Make an exact transcript of the lines in the data below, starting with the one containing "Ava & Viv Women's" and going on through the one containing "K18YG DIAMOND EARRINGS: K18YG", with both included and the pictures left out.

* **Data supplied**
——
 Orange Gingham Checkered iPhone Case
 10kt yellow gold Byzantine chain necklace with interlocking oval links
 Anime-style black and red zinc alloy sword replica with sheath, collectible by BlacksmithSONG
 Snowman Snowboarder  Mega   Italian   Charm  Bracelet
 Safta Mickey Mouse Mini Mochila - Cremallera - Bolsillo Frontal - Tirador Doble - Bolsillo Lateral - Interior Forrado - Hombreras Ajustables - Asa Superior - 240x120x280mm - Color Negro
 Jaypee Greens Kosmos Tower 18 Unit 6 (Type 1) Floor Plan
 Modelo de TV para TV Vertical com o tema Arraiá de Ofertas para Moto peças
——
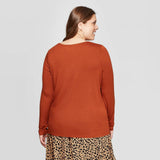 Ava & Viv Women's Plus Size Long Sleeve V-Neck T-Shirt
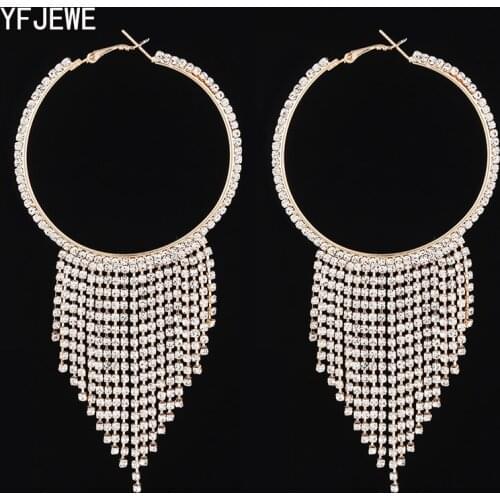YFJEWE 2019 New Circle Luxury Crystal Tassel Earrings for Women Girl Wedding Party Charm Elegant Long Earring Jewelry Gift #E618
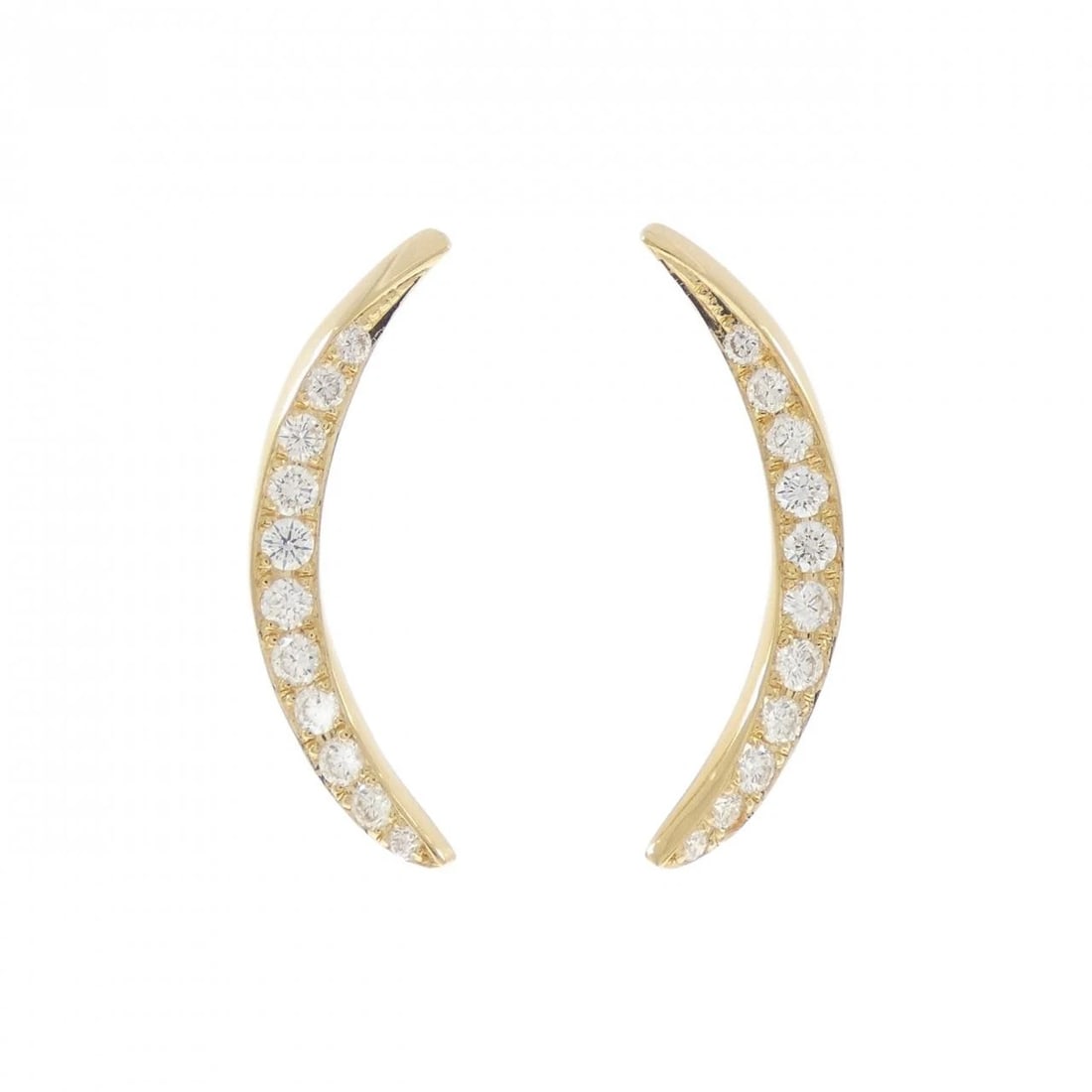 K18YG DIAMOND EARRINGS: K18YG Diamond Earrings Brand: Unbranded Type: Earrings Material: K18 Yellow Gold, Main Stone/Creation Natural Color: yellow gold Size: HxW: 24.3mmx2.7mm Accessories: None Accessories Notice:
——
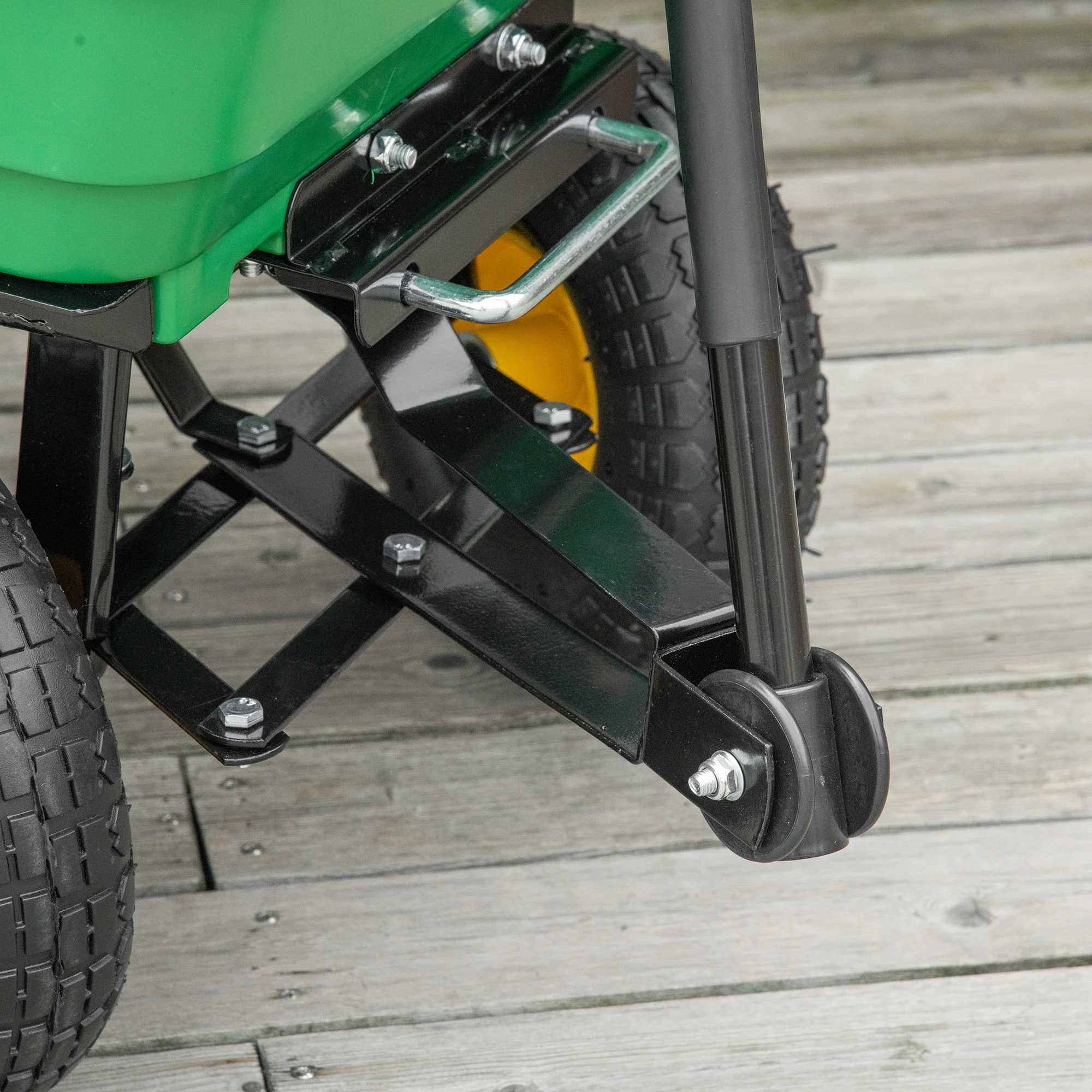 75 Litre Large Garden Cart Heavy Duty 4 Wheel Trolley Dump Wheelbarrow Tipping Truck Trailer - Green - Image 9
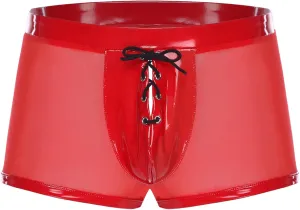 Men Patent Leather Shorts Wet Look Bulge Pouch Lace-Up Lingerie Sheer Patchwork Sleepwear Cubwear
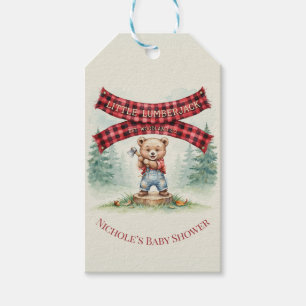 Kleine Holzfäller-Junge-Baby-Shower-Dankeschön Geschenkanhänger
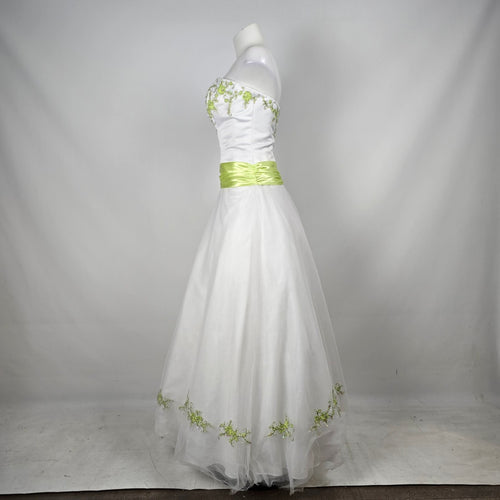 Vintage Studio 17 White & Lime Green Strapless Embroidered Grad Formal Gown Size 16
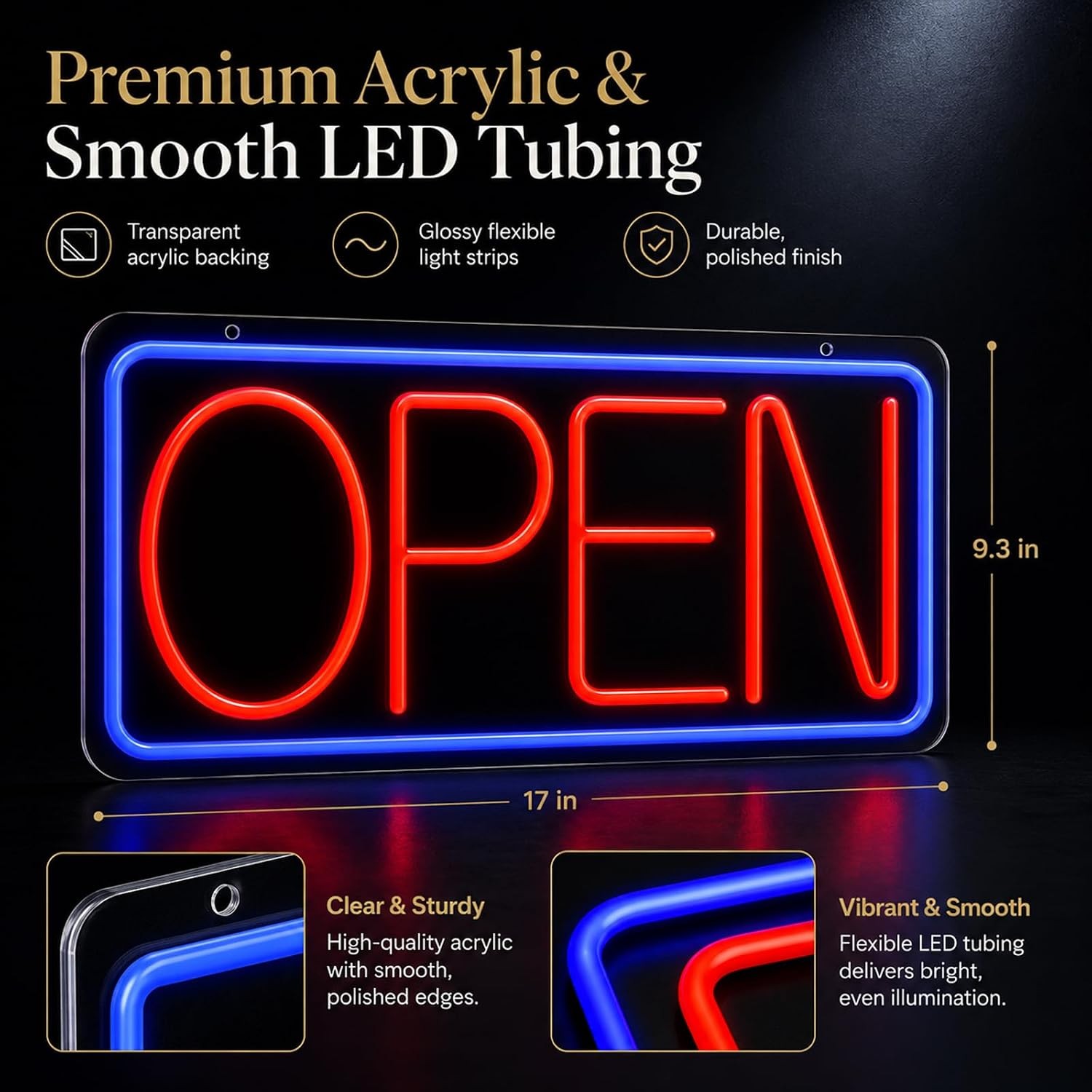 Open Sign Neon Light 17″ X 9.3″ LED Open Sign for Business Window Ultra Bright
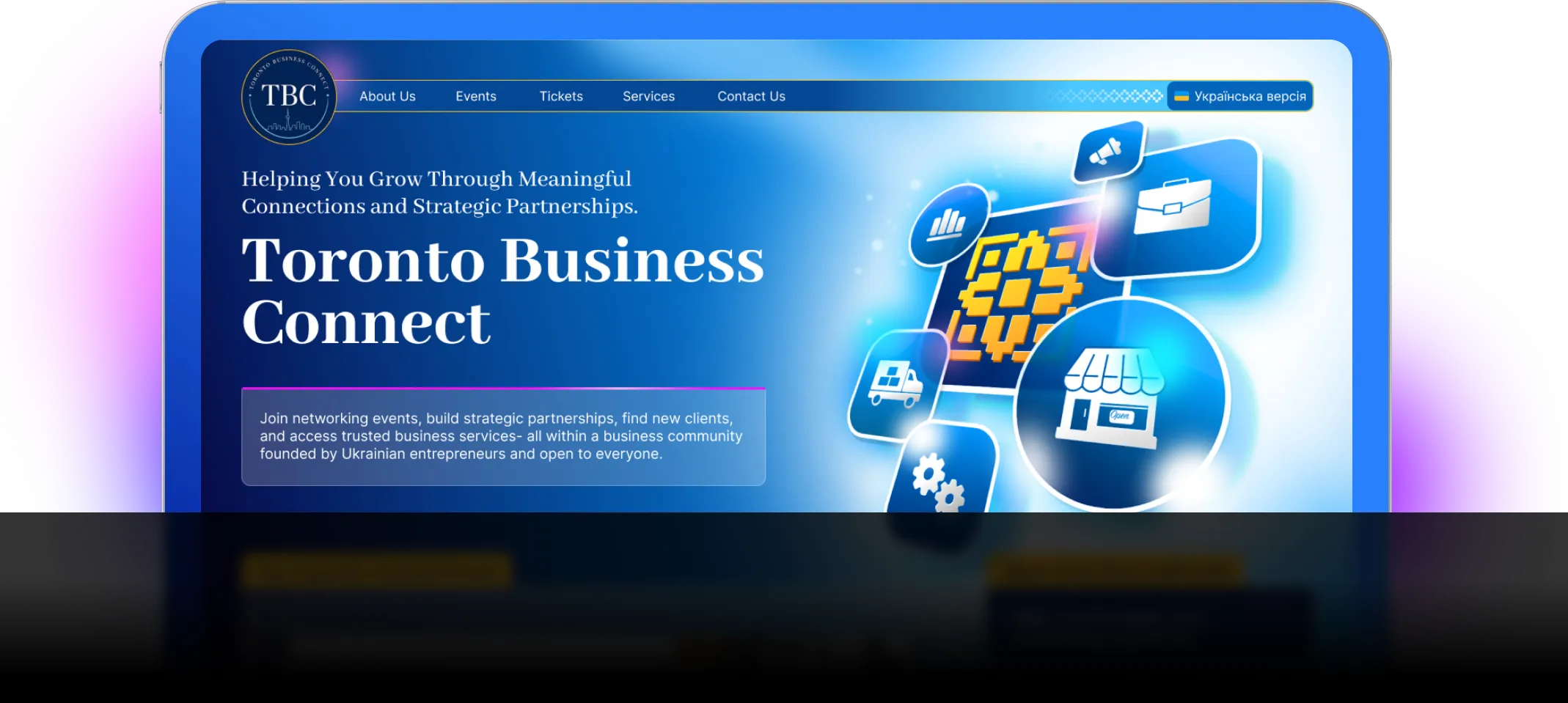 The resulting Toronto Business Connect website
——
* **Solution below**
 Ava & Viv Women's Plus Size Long Sleeve V-Neck T-Shirt
YFJEWE 2019 New Circle Luxury Crystal Tassel Earrings for Women Girl Wedding Party Charm Elegant Long Earring Jewelry Gift #E618
 K18YG DIAMOND EARRINGS: K18YG Diamond Earrings Brand: Unbranded Type: Earrings Material: K18 Yellow Gold, Main Stone/Creation Natural Color: yellow gold Size: HxW: 24.3mmx2.7mm Accessories: None Accessories Notice:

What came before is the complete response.